(Task description) When a record contains an image, skip the image and retype the rest of that record exactly.
BEGIN Records for processing
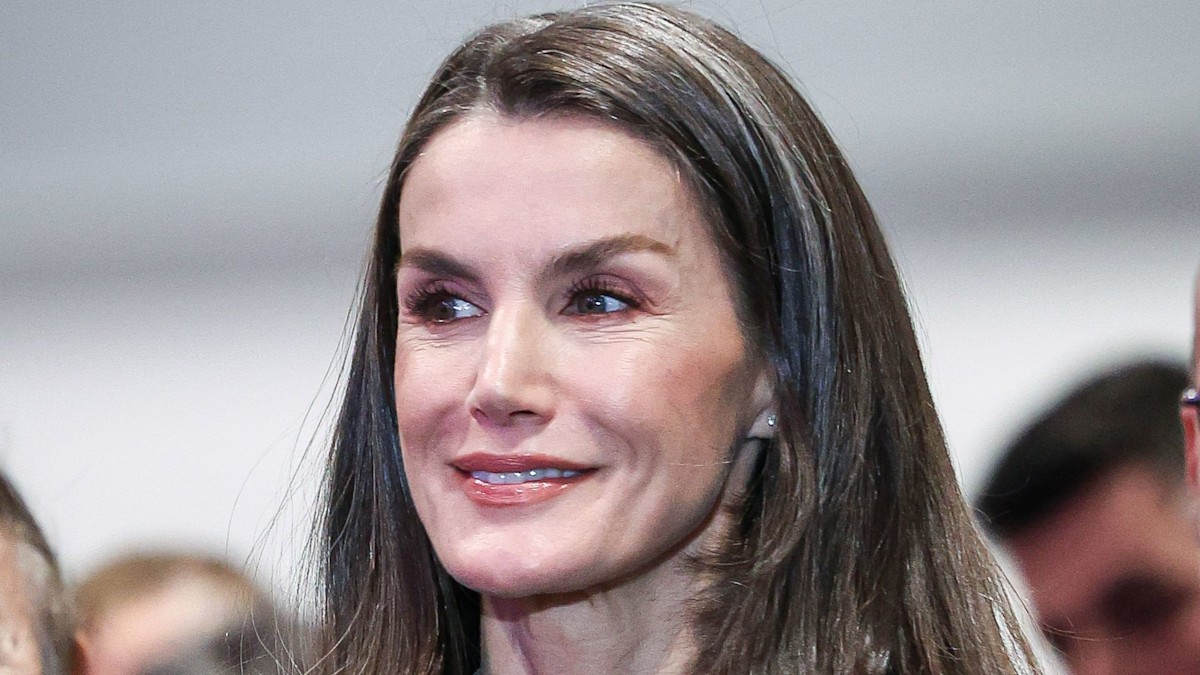 Queen Letizia makes the case for styling 'It-girl' balloon pants in your 50s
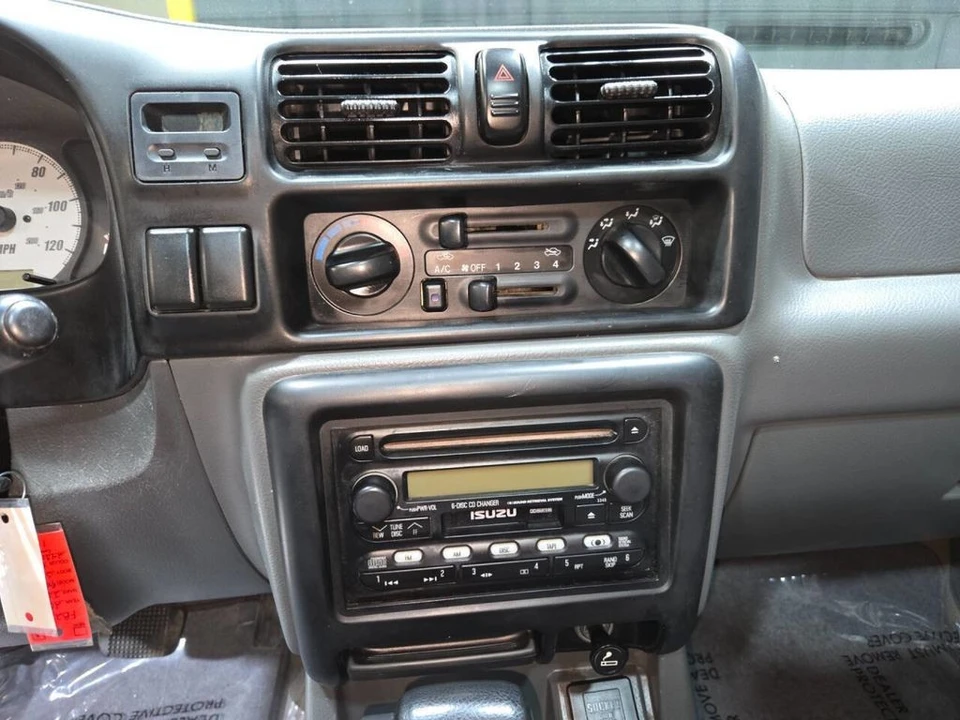 2002 Isuzu Rodeo - Image 12 of 12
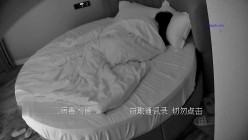 酒店偷拍咸湿领导利用职权 终于把新入职试用期的高校学妹给上了 截图4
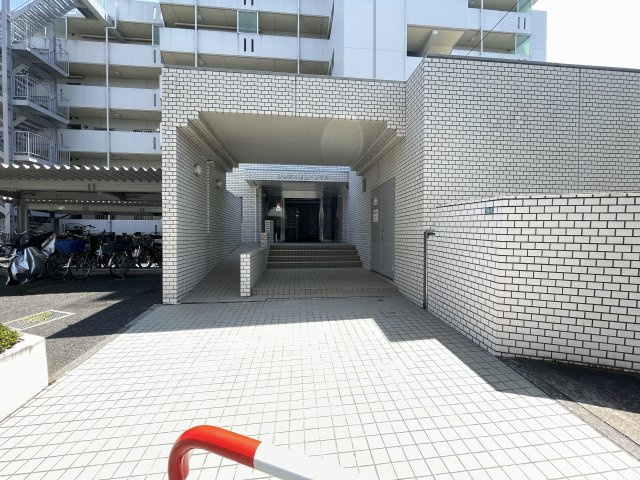 マンションの顔でもある、高級感漂うエントランス。　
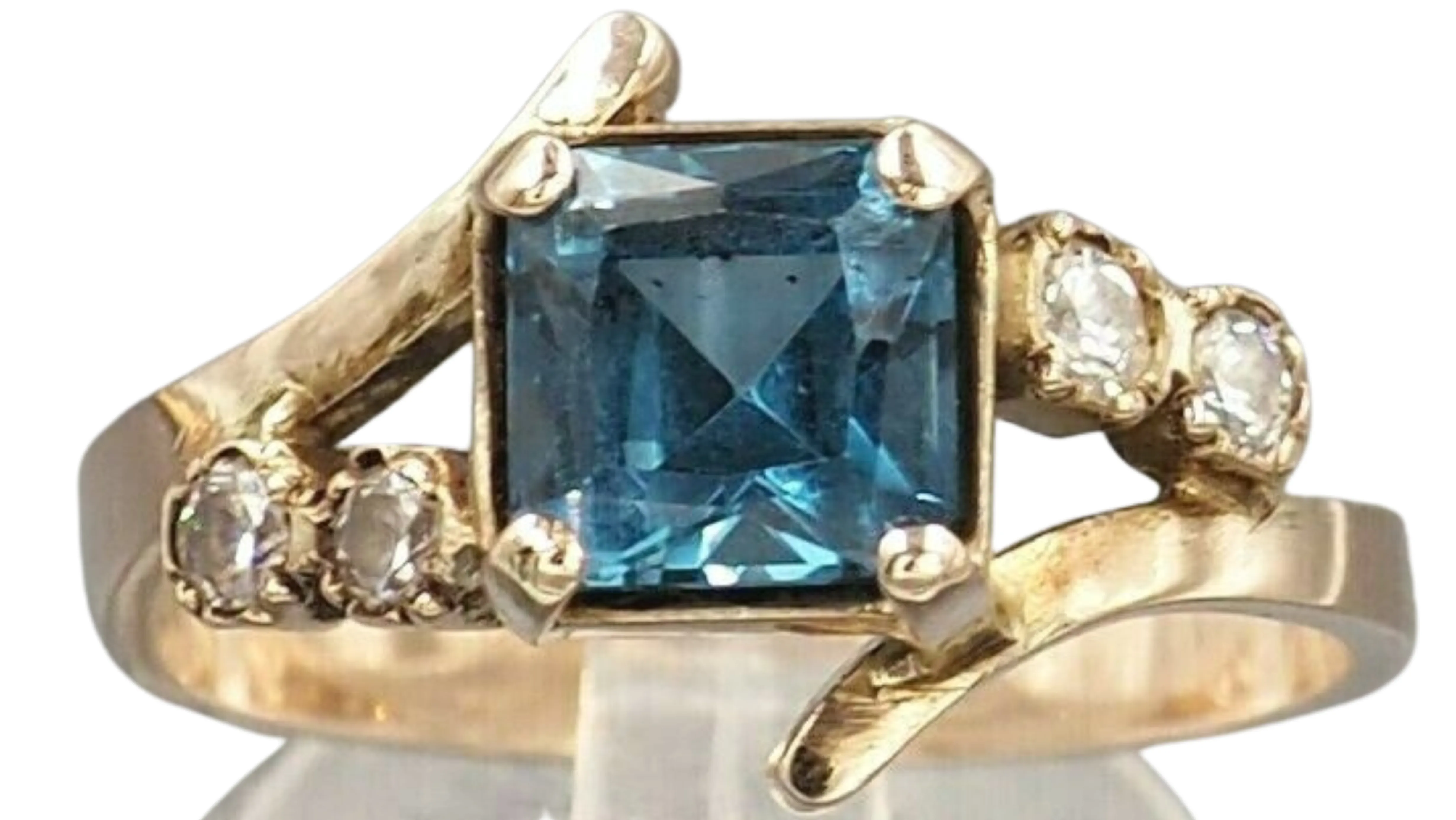 Blue Spinel & Cubic Zirconia 9ct Yellow Gold Ring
END Records for processing
(Solution to this problem)
 Queen Letizia makes the case for styling 'It-girl' balloon pants in your 50s
 2002 Isuzu Rodeo - Image 12 of 12
 酒店偷拍咸湿领导利用职权 终于把新入职试用期的高校学妹给上了 截图4
 マンションの顔でもある、高級感漂うエントランス。　
 Blue Spinel & Cubic Zirconia 9ct Yellow Gold Ring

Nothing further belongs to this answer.